Солженицын в это время работал уже над первым томом «Красного колеса». Это был роман «Август Четырнадцатого» – о разгроме армии генерала Самсонова в Восточной Пруссии. Солженицын даже привозил отрывки Твардовскому, но это были только тщательно отобранные главы, рассчитанные на вкус Твардовского. Твардовский рассказывал мне об этих отрывках и говорил, что это «мощная проза». Такие очень хорошо написанные главы действительно были в «Августе Четырнадцатого». Но ничего похожего не было уже в последующих «узлах» «Красного колеса». Разрыв не произошел только потому, что Твардовскому, как оказалось, отмерен был впереди не очень большой срок.
В декабре 1969 года мы все не только с интересом, но и с тревогой ждали, как будет отмечено в стране 90-летие со дня рождения Сталина. Ходили слухи о публикации в «Правде» большой статьи с портретом Сталина и с восхвалениями в его адрес. И такая статья была подготовлена и даже одобрена на одном из заседаний Политбюро. Ее должны были перепечатать все газеты на следующий день, а потом и коммунистические издания во всем мире. Я знал об этом от друзей в аппарате ЦК КПСС. Но окончательное решение принималось едва ли не в последние несколько часов – вечером 20 декабря. Были возражения со стороны некоторых компартий. Были какие-то разногласия в самом Политбюро после декабрьского Пленума ЦК КПСС по экономическим вопросам и по внешней политике. Говорили о спорах между Сусловым и Мазуровым – с одной стороны, и Брежневым – с другой. Говорили и о том, что Брежнев стал все больше прислушиваться к мнению нового помощника Александра Бовина, которого никто не считал сталинистом.

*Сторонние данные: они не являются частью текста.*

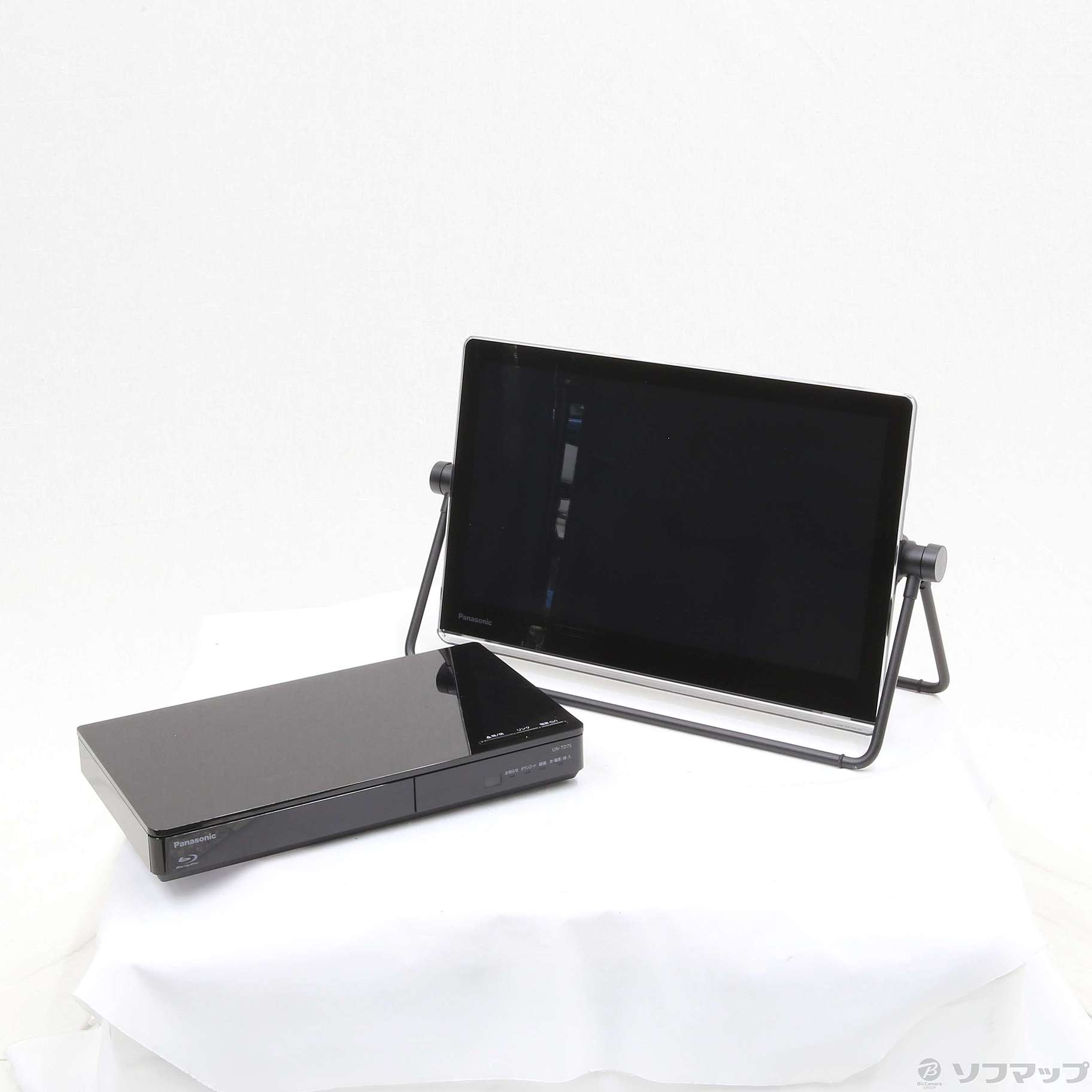 Panasonic 防水テレビ プライベートビエラ UN-15TD7 500GB - テレビ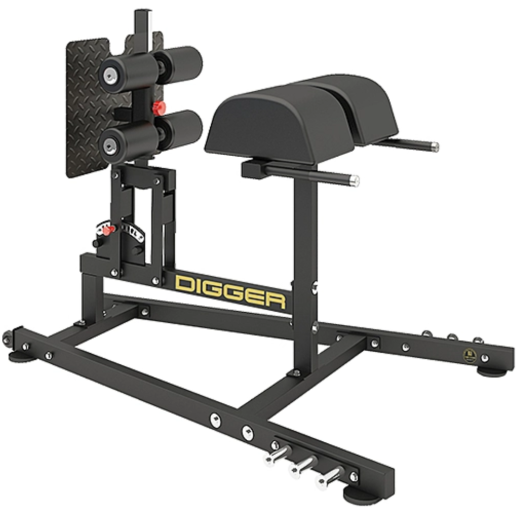 Гиперэкстензия горизонтальная (римский стул) Hasttings Digger HD032-5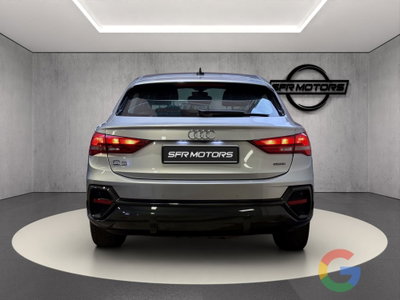 Audi Q3 Sportback Sportback 40 2.0 tfsi quattro s-tronic (5)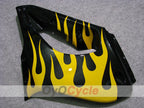 Kit de carénages pour YZF1000R 97-07 - Jaune, noir - Personnalisable #OYO87906448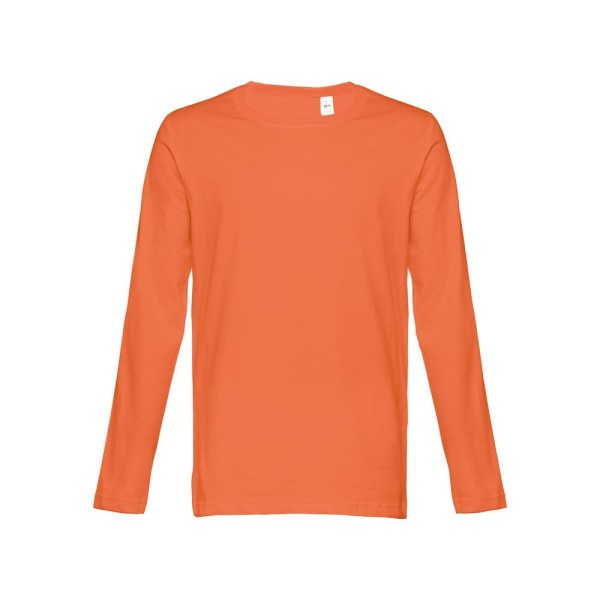 BUCHAREST. Herren Langarm T-Shirt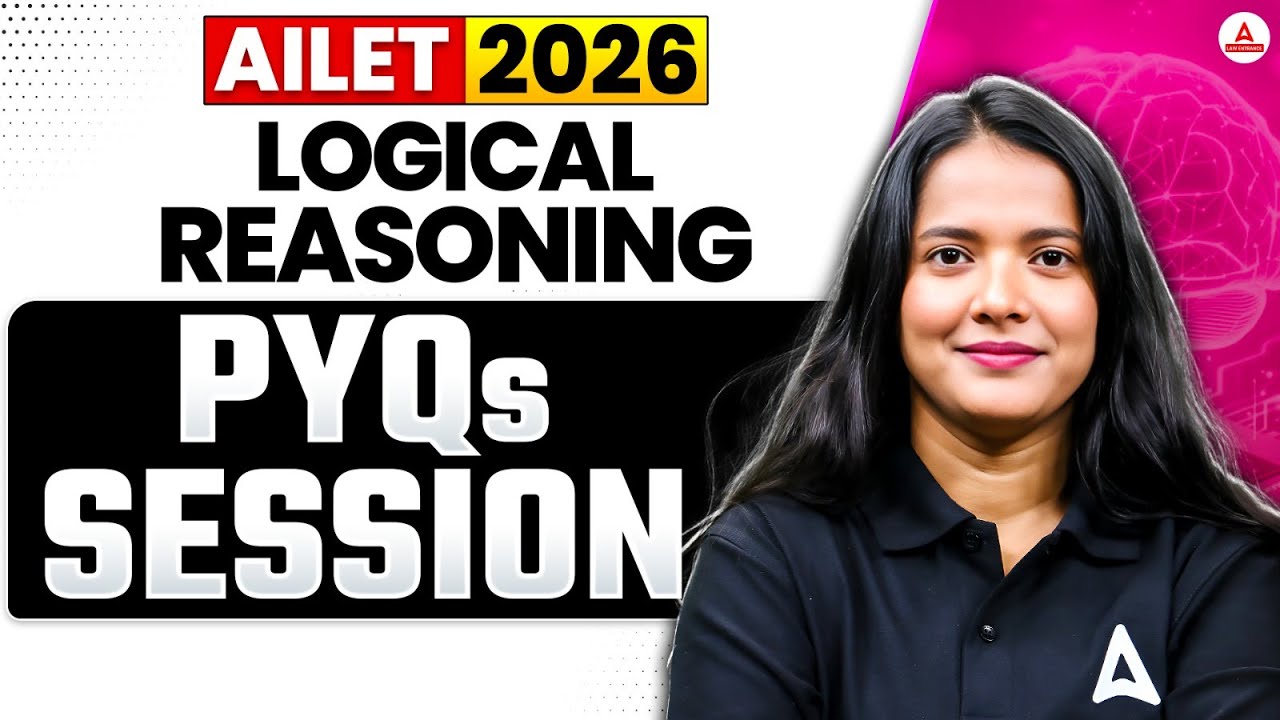 AILET 2026 | Critical Reasoning - PYQs for CLAT Preparation | AILET ...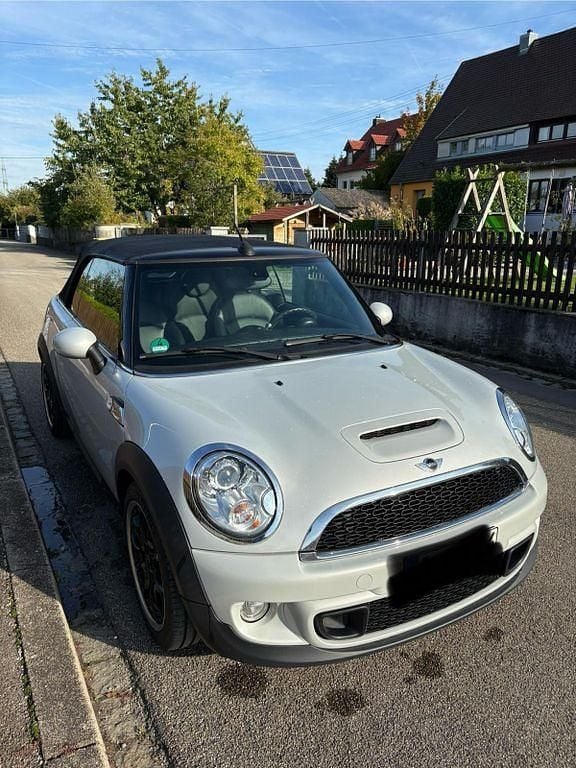 Second-hand Mini Cooper SD 143 CP (105 kW) 2014 Hatchback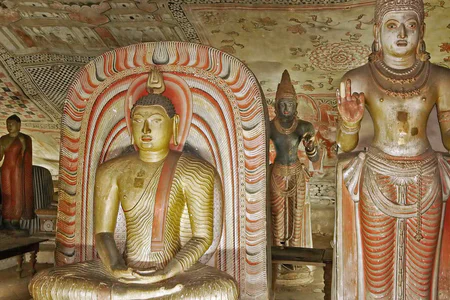 Sri Lankas Scenic Circuit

Во всяком случае, утром 21 декабря 1969 года в «Правде» была опубликована небольшая статья «К 90-летию со дня рождения И. В. Сталина», в которой упоминался XX съезд КПСС и содержалась критика Сталина, хотя и довольно умеренная. Но это никак нельзя было считать реабилитацией Сталина, которой одни так горячо желали, а другие так сильно опасались. Твардовский вырезал статью из «Правды», поместил ее в рамку и поставил на свой письменный стол в кабинете редактора «Нового мира». Однако дни журнала и его редакционной коллегии были уже сочтены.